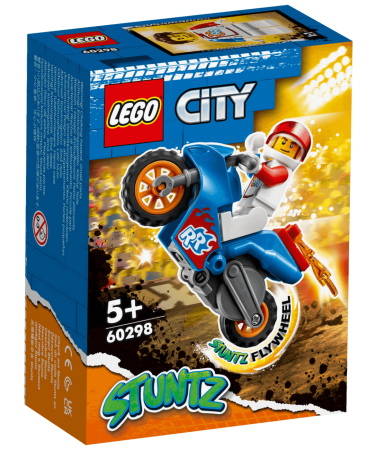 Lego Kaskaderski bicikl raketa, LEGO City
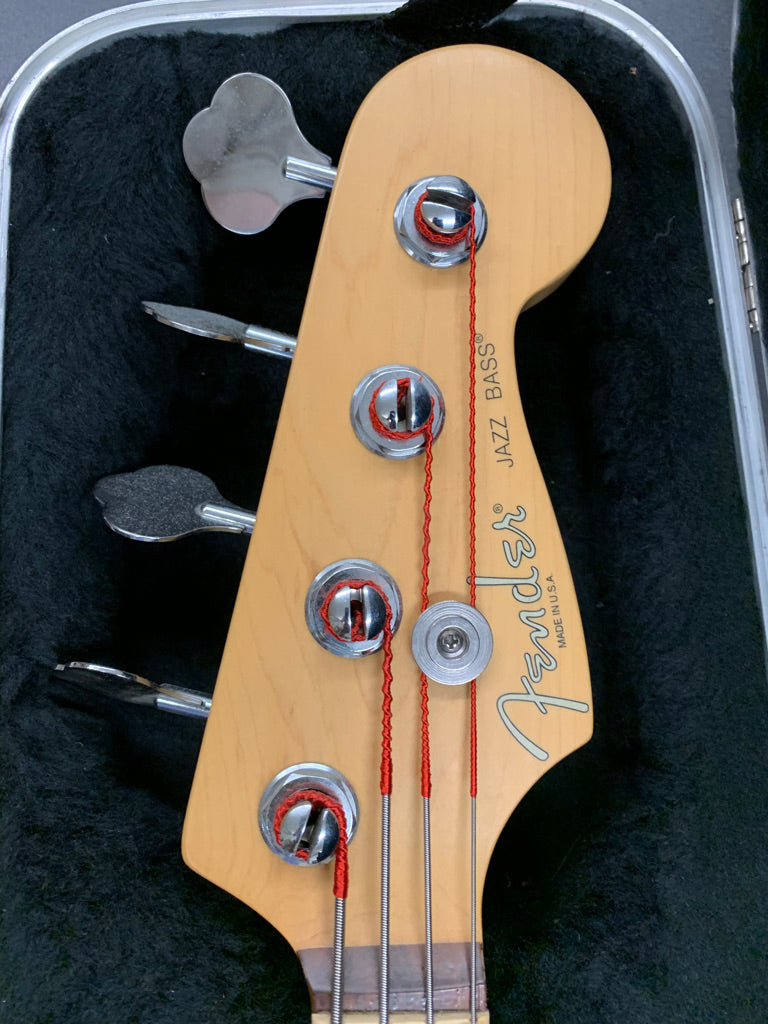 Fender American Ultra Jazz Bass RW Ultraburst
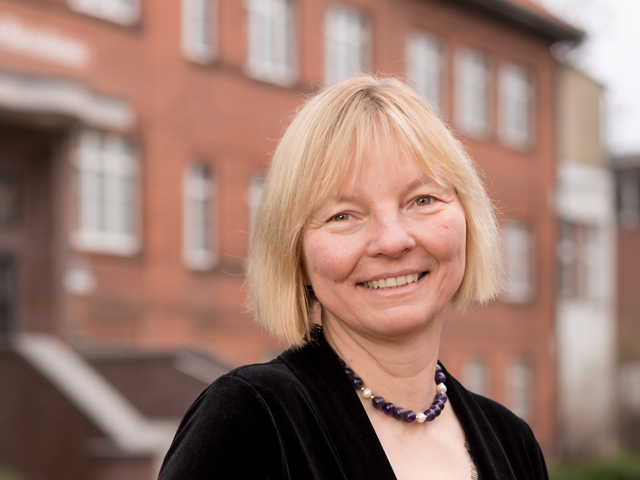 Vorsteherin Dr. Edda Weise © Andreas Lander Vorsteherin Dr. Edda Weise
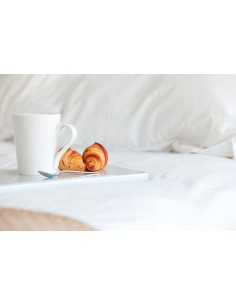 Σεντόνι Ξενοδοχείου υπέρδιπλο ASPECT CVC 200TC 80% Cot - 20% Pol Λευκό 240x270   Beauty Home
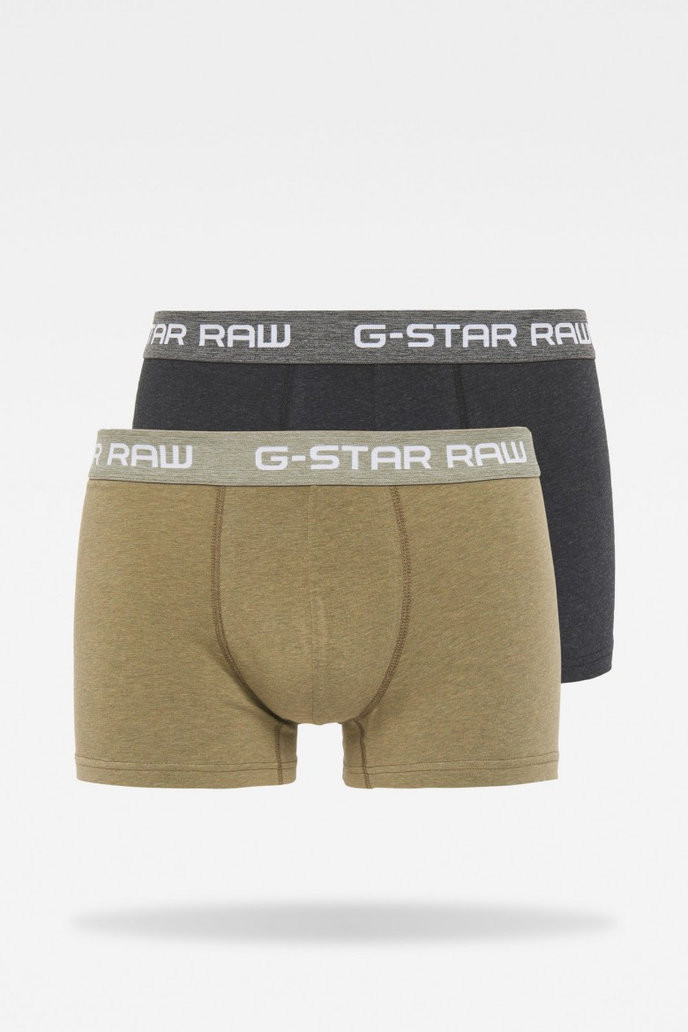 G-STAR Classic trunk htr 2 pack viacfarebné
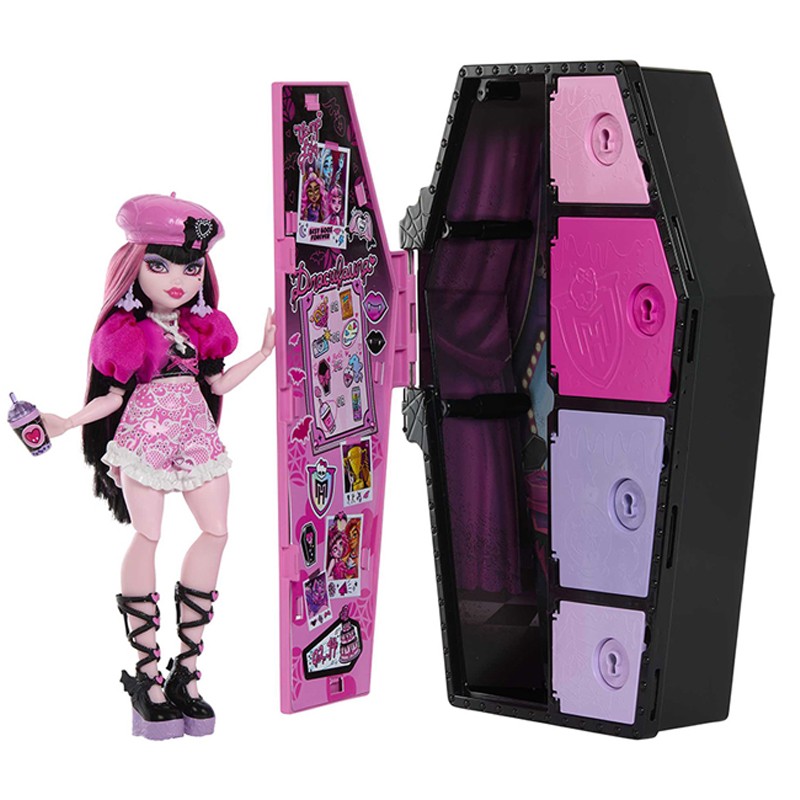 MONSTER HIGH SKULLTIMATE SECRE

= = = =

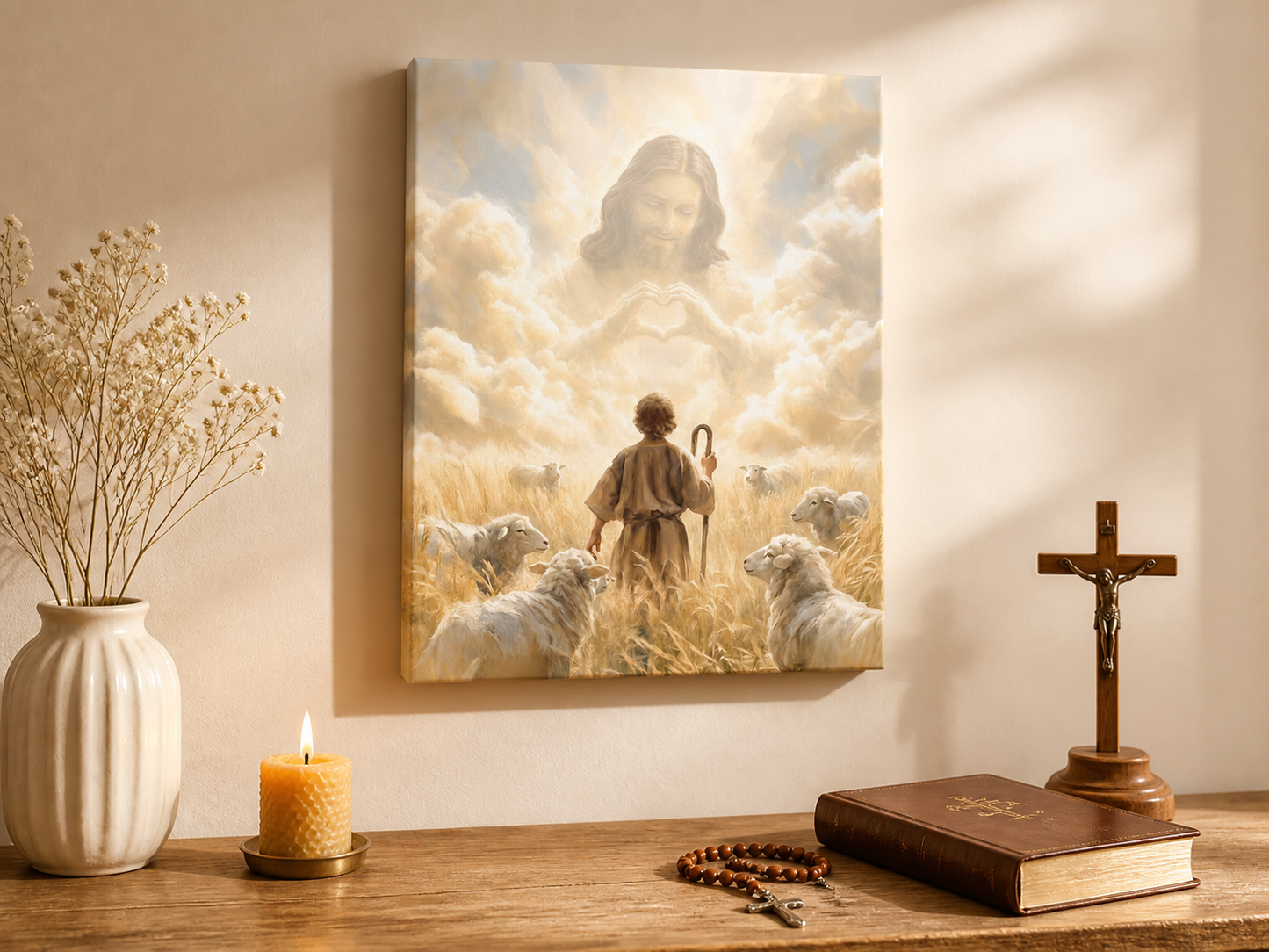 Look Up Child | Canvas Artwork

= = = =

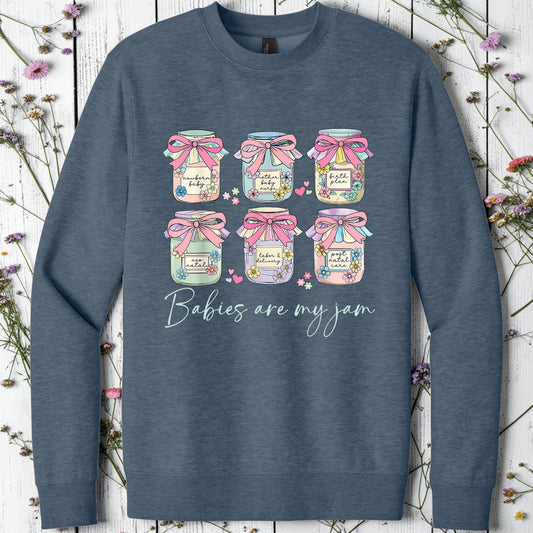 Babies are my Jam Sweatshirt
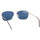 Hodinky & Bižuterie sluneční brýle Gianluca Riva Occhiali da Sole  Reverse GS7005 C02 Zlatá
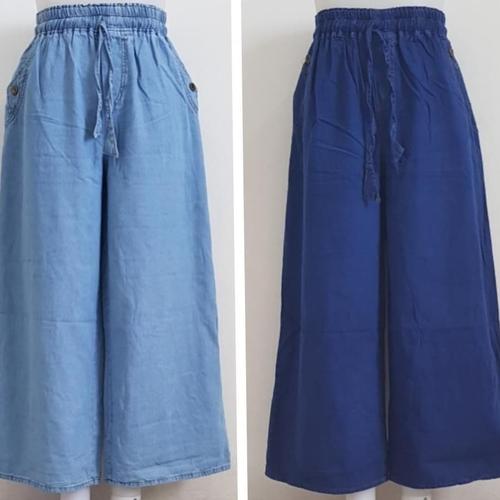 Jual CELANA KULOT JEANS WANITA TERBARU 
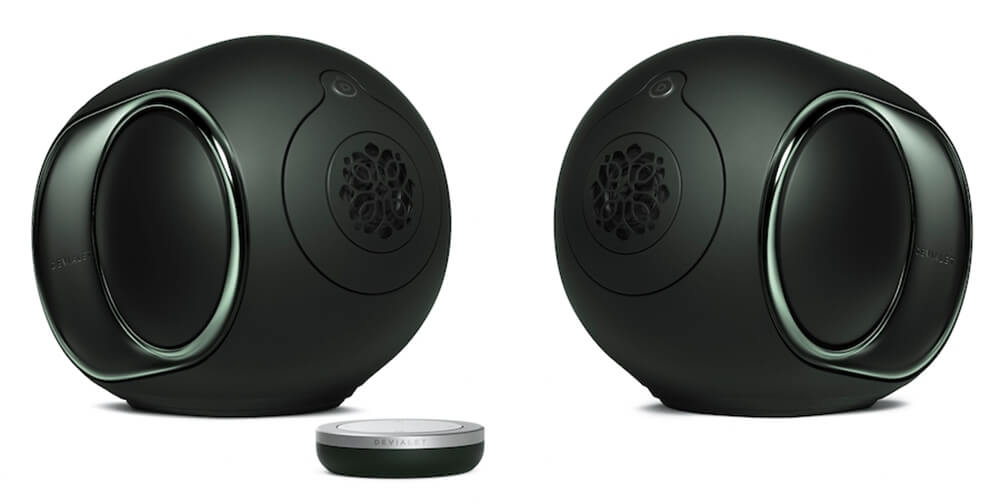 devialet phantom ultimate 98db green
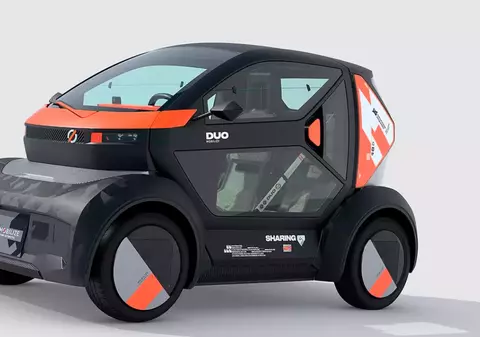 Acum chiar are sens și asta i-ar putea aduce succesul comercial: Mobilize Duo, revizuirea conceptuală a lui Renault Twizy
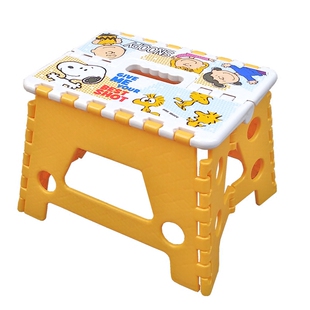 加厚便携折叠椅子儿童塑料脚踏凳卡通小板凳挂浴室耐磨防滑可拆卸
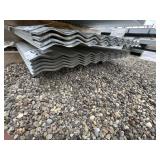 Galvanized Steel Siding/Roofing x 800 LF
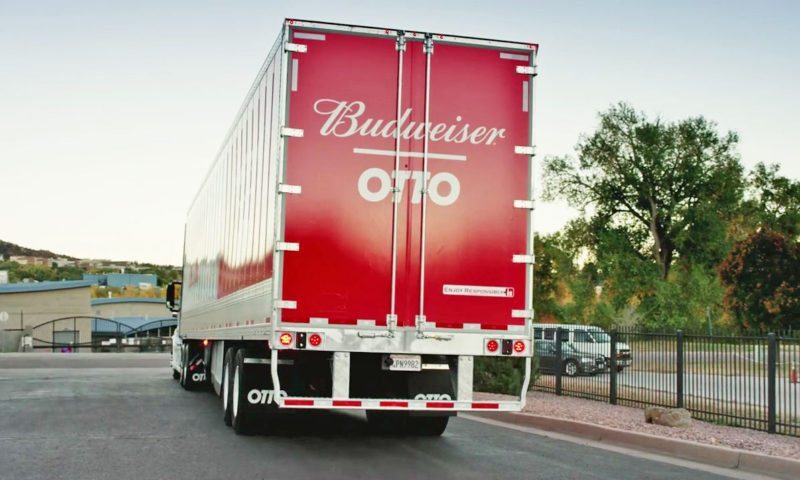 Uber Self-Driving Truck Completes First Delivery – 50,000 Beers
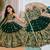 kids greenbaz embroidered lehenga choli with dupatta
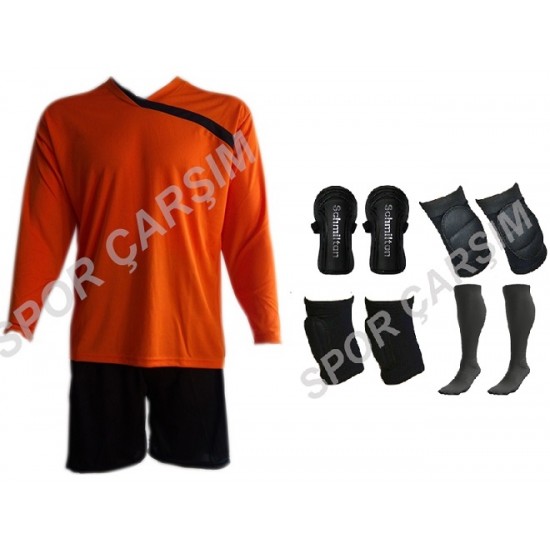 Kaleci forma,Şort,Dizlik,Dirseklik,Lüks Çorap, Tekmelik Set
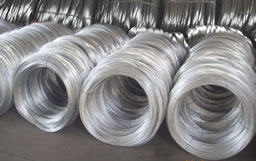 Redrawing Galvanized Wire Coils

= = = =

*Your goal*: Could you transcribe exactly the entries above, but only the lines from the one with "Fender American Ultra" through the one with "Σεντόνι Ξενοδοχείου υπέρδιπλο", and without pictures?

*Answer for this exercise*:
 Fender American Ultra Jazz Bass RW Ultraburst
 Vorsteherin Dr. Edda Weise © Andreas Lander Vorsteherin Dr. Edda Weise
 Σεντόνι Ξενοδοχείου υπέρδιπλο ASPECT CVC 200TC 80% Cot - 20% Pol Λευκό 240x270   Beauty Home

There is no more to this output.